Functions for working with time.  Currently deals specifically
with timestamps.  The time functions in **big** are designed
to make it easy to use best practices.


#### `parse_timestamp_3339Z(s)`

> Parses a timestamp string returned by `timestamp_3339Z`.
> Returns a `datetime.datetime` object.

#### `timestamp_3339Z(t=None, want_microseconds=None)`

> Return a timestamp string in RFC 3339 format, in the UTC
> time zone.  This format is intended for computer-parsable
> timestamps; for human-readable timestamps, use `timestamp_human()`.
>
> Example timestamp: `'2022-05-25T06:46:35.425327Z'`
>
> `t` may be one of several types:
>
> - If `t` is None, `timestamp_3339Z` uses the current time in UTC.
> - If `t` is an int or a float, it's interpreted as seconds
> since the epoch in the UTC time zone.
> - If `t` is a `time.struct_time` object or `datetime.datetime`
> object, and it's not in UTC, it's converted to UTC.
> (Technically, `time.struct_time` objects are converted to GMT,
> using `time.gmtime`.  Sorry, pedants!)
>
> If `want_microseconds` is true, the timestamp ends with
> microseconds, represented as a period and six digits between
> the seconds and the `'Z'`.  If `want_microseconds`
> is `false`, the timestamp will not include this text.
> If `want_microseconds` is `None` (the default), the timestamp
> ends with microseconds if the type of `t` can represent
> fractional seconds: a float, a `datetime` object, or the
> value `None`.

#### `timestamp_human(t=None, want_microseconds=None)`

> Return a timestamp string formatted in a pleasing way
> using the currently-set local timezone.  This format
> is intended for human readability; for computer-parsable
> time, use `timestamp_3339Z()`.
>
> Example timestamp: `"2022/05/24 23:42:49.099437"`
>
> `t` can be one of several types:
>
> - If `t` is `None`, `timestamp_human` uses the current local time.
> - If `t` is an int or float, it's interpreted as seconds since the epoch.
> - If `t` is a `time.struct_time` or `datetime.datetime` object,
> it's converted to the local timezone.
>
> If `want_microseconds` is true, the timestamp will end with
> the microseconds, represented as ".######".  If `want_microseconds`
> is false, the timestamp will not include the microseconds.
> If `want_microseconds` is `None` (the default), the timestamp
> ends with microseconds if the type of `t` can represent
> fractional seconds: a float, a `datetime` object, or the
> value `None`.


# Subsystem notes


## Word wrapping and formatting

**big** contains three functions used to reflow and format text
in a pleasing manner.  In the order you should use them, they are
`split_text_with_code`, `word_wrap`, and optionally `merge_columns`.
This trio of functions gives you the following word-wrap superpowers:

* Paragraphs of text representing embedded "code" don't get word-wrapped.
  Instead, their formatting is preserved.
* Multiple strings can be merged together into columns.

#### Split text array

`split_text_with_code` splits a string of text into a
*split text array*,
and `word_wrap` consumes a *split text array* to produce its
word-wrapped output.  A split text array is an array of strings.
You'll see four kinds of strings in a split text array:

* Individual words, ready to be word-wrapped.
* Entire lines of "code", preserving their formatting.
* Line breaks, represented by a single newline: `'\n'`.
* Paragraph breaks, represented by two newlines: `'\n\n'`.

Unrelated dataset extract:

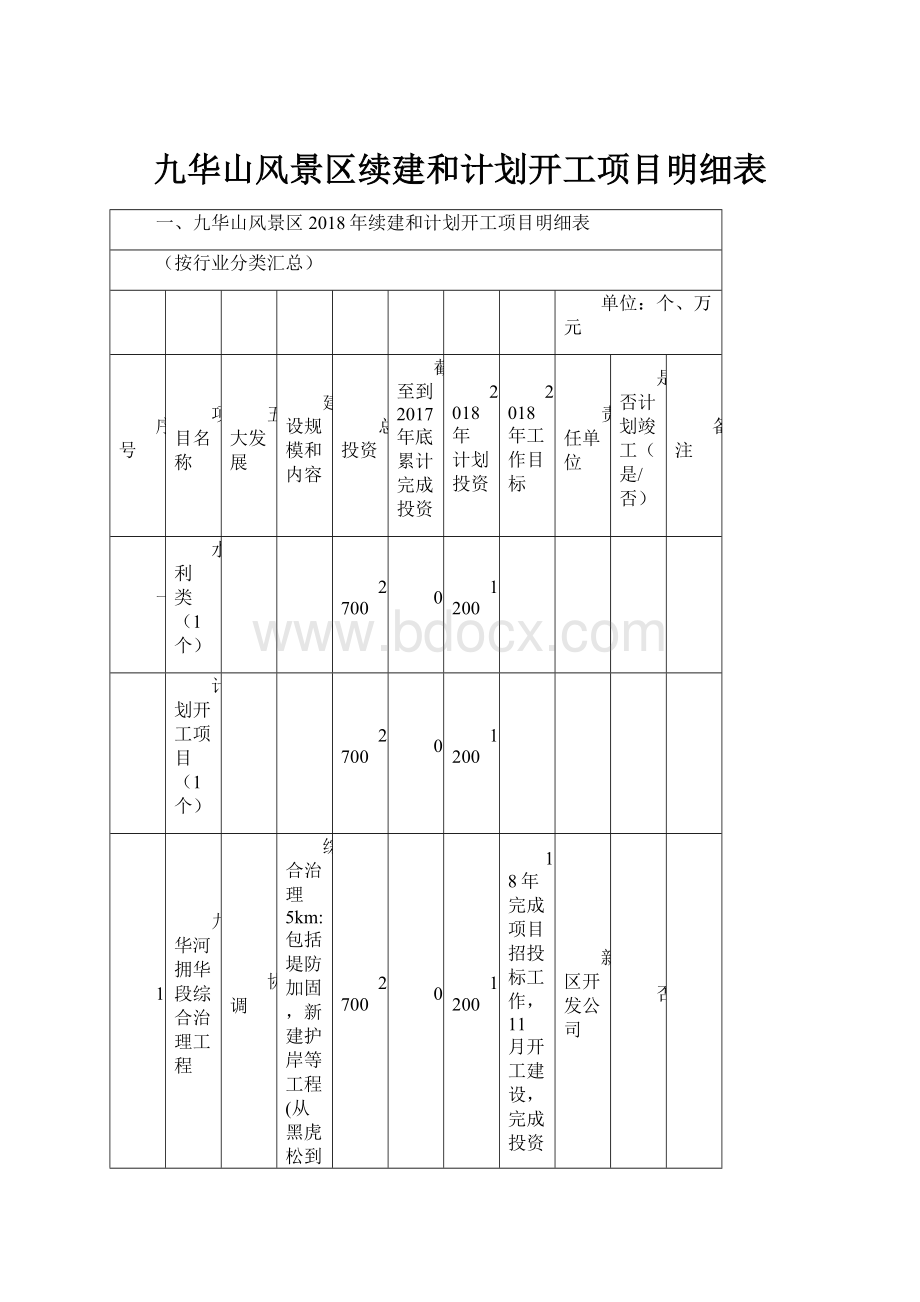 九华山风景区续建和计划开工项目明细表.docx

When `split_text_with_code` splits a string, it views each
line as either a "text" line or a "code" line.  Any non-blank
line that starts with `code_indent` or more spaces (or the
equivalent using tabs) is a "code" line, and any other
non-blank line is a "text" line.  But it has some state
here; when `split_text_with_code` sees a "text" line,
it switches into "text" mode, and when it sees a "code"
line it switches into "code" mode.

In "text" mode:

* words are separated by whitespace,
* initial whitespace on the line is discarded,
* the amount of whitespace between words is irrelevant,
* individual newline characters are ignored, and
* more than two newline characters are converted into exactly
  two newlines (aka a "paragraph break").

In "code" mode:

* all whitespace is preserved, except for trailing whitespace on a line, and
* all newline characters are preserved.

Also, whenever `split_text_with_code` switches between
"text" and "code" mode, it emits a paragraph break.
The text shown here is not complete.